By Mindo - 24th Apr 2020

The European Medicines Agency (EMA) has issued a public health statement highlighting serious side effects associated with the drugs chloroquine and hydroxychloroquine

The medicines are being used to treat patients with Covid-19 and investigated in clinical trials. 

But recent studies have shown “serious, in some cases fatal, heart rhythm problems with chloroquine and hydroxychloroquine, particularly when taken at high doses or in combination with the antibiotic azithromycin”, according to the EMA. 

In Ireland, the HSE on 30 March issued advice to pharmacy contractors regarding conservation of the drug hydroxychloroquine. 

The medication is used for the treatment of rheumatoid and lupus conditions, but has been shown to have some antiviral activity against Covid-19. 

Because of efforts to preserve stock of the medication for hospital patients with the virus, Prof Michael Barry, National Clinical Lead, HSE Medicines Management asked prescribers to consider alternatives when prescribing the drug for patients in the community with rheumatoid and lupus conditions.

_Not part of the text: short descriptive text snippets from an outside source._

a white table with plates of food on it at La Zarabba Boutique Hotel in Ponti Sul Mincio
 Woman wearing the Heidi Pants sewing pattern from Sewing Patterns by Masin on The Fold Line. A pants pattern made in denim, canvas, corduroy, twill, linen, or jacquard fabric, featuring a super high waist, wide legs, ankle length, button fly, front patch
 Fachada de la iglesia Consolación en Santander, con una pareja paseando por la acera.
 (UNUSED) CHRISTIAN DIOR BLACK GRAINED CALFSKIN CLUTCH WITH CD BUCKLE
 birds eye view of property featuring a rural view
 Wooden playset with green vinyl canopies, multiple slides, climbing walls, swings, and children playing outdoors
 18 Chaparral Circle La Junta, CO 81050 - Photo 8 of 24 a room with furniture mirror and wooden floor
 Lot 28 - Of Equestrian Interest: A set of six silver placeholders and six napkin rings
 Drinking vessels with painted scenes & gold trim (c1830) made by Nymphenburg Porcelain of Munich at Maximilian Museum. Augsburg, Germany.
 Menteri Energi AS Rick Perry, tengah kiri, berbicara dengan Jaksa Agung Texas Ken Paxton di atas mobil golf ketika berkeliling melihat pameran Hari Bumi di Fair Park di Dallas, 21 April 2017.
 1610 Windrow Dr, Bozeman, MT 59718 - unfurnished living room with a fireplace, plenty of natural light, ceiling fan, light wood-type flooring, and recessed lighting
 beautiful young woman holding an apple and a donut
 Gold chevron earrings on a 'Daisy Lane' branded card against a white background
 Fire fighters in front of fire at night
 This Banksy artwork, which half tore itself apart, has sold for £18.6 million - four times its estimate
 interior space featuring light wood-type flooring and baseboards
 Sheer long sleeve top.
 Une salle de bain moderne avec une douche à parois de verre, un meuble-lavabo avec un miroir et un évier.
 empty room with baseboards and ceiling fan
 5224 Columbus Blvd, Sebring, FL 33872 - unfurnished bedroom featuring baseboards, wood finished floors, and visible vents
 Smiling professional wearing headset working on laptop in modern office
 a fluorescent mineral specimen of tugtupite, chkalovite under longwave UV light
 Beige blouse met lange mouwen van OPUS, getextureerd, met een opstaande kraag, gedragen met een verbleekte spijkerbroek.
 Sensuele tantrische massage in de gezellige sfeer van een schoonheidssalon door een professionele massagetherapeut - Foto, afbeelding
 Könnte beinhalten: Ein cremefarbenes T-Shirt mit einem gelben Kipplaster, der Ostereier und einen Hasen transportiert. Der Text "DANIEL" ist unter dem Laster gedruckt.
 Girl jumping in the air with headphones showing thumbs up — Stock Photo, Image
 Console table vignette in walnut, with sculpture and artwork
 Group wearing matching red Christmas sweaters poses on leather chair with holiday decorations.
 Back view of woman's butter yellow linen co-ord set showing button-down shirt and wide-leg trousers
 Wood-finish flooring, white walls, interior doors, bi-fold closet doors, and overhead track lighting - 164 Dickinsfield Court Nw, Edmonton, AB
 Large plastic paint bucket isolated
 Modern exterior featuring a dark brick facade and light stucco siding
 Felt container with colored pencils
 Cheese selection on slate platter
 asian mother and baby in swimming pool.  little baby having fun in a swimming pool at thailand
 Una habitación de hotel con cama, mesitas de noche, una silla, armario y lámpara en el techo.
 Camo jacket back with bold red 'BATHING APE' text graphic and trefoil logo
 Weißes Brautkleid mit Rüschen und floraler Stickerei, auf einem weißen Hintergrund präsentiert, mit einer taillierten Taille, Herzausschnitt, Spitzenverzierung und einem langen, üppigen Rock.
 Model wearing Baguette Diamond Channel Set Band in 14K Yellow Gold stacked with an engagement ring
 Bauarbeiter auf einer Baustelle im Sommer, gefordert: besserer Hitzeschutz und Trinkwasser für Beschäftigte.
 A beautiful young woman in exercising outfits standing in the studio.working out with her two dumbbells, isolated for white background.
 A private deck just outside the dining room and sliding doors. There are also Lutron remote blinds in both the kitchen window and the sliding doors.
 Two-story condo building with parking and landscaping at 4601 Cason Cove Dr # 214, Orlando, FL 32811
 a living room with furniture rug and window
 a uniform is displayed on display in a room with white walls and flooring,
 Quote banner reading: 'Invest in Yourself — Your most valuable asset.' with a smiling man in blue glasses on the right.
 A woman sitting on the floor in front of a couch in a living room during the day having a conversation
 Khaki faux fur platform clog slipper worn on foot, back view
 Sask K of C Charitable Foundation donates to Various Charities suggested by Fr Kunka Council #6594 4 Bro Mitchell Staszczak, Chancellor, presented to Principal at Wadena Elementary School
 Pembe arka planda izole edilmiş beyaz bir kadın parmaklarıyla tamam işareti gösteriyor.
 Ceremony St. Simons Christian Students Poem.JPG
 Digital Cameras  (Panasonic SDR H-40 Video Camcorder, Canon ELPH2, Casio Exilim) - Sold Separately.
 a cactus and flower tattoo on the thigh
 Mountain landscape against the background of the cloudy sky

On 14 April, further guidance was issued by the HSE to GPs and pharmacists regarding azithromycin. 

It advised that prescriptions for azithromycin should not be offered in the community for the management of patients with Covid-19 in the home, as part of efforts to maintain supplies of the drug here. 

The EMA has advised healthcare professionals to “closely monitor patients with Covid-19 receiving chloroquine or hydroxychloroquine and to take into account pre-existing heart problems that can make patients more prone to heart rhythm issues”. 

“They [healthcare professionals] should carefully consider the possibility of side-effects, particularly with higher doses, and exercise extra caution when combining treatment with other medicines such as azithromycin that may cause similar side effects on the heart. Patients and healthcare professionals are reminded to report any suspected side-effects to their national regulatory authorities.”